The Pick-Sloan Flood Control Act of 1944 (P.L. 78–534), enacted in the 2nd session of the 78th Congress, is U.S. legislation that authorized the construction of numerous dams and modifications to previously existing dams, as well as levees across the United States. Among its various provisions, it established the Southeastern Power Administration and the Southwestern Power Administration, and led to the establishment of the Pick-Sloan Missouri Basin Program.

The Pick-Sloan legislation managed the Missouri River with six intents: hydropower, recreation, water supply, navigation, flood control and fish and wildlife. Over 50 dams and lakes have been built due to this legislation, not just on the mainly affected river but also on tributaries and other connected rivers. Nebraska, as an example, has seen more than eight new lakes created due to the damming of the Missouri and tributaries. The Act also recognized the legitimate rights of states, through the Governor, to impact flood control projects. See 33 US, section 701-1, which declared it to be the policy of the Congress

to recognize the interests and rights of the States in determining the development of the watersheds within their borders and likewise their interests and rights in water utilization and control.
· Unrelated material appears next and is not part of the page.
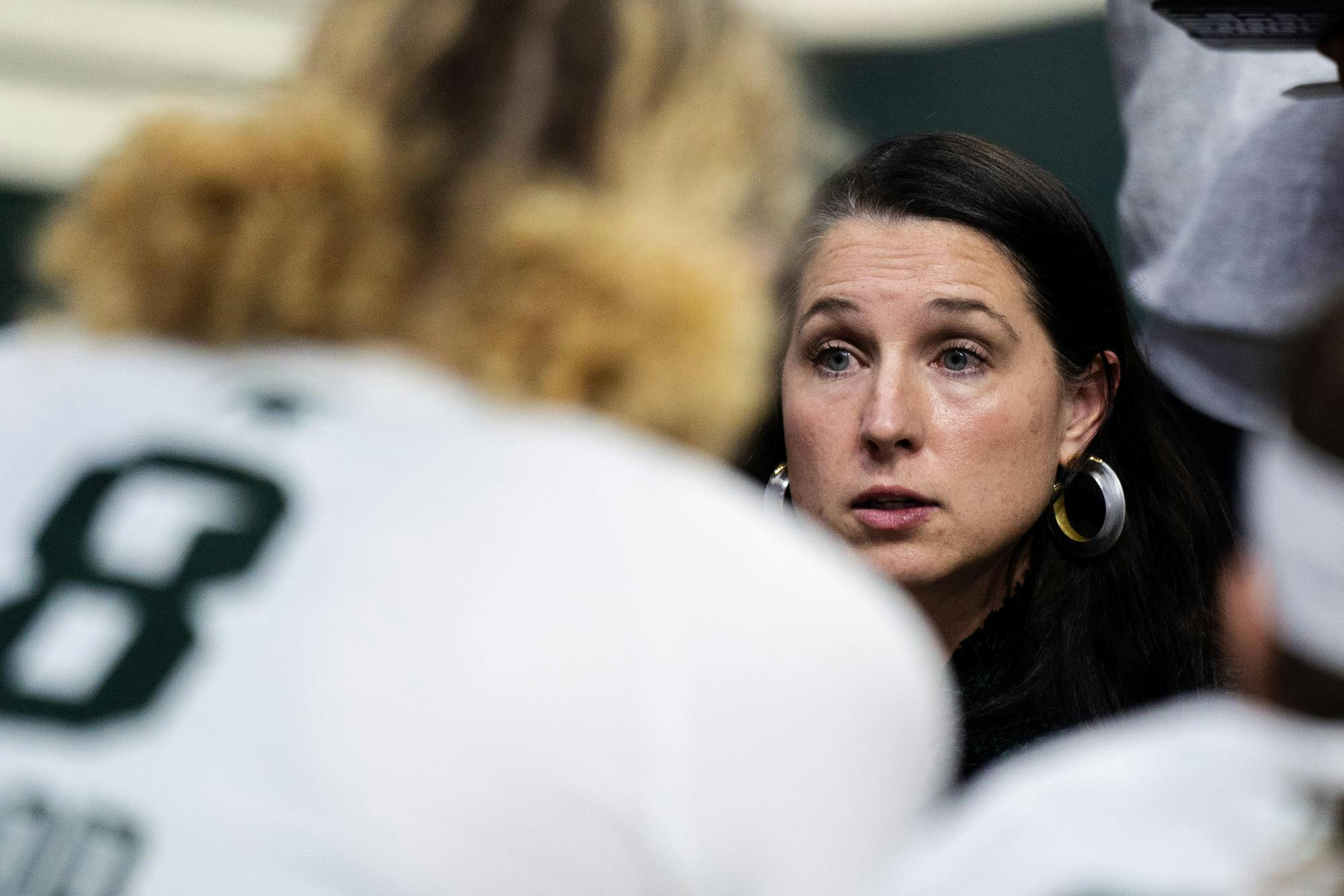 <p>Michigan State head volleyball coach Leah Johnson addresses her players during a time out against the University of Michigan at the Breslin Center on Nov. 15, 2024.</p>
The Act was signed by President Franklin D. Roosevelt on December 22, 1944. It was named for General Lewis A. Pick, head of the Army Corps of Engineers, and W. Glenn Sloan of the Interior Department's Bureau of Reclamation.

==Effects==
The Lakota, Dakota and Nakota tribes lost 202000 acre. The Three Affiliated Tribes, specifically, lost 155000 acre in their Fort Berthold Reservation due to the building of the Garrison Dam. The project caused more than 1,500 Native Americans to relocate from the river bottoms of the Missouri river due to the flooding.

The project has successfully controlled flooding throughout the Missouri River basin, provided water for irrigation and municipalities, generated baseload power throughout the central US.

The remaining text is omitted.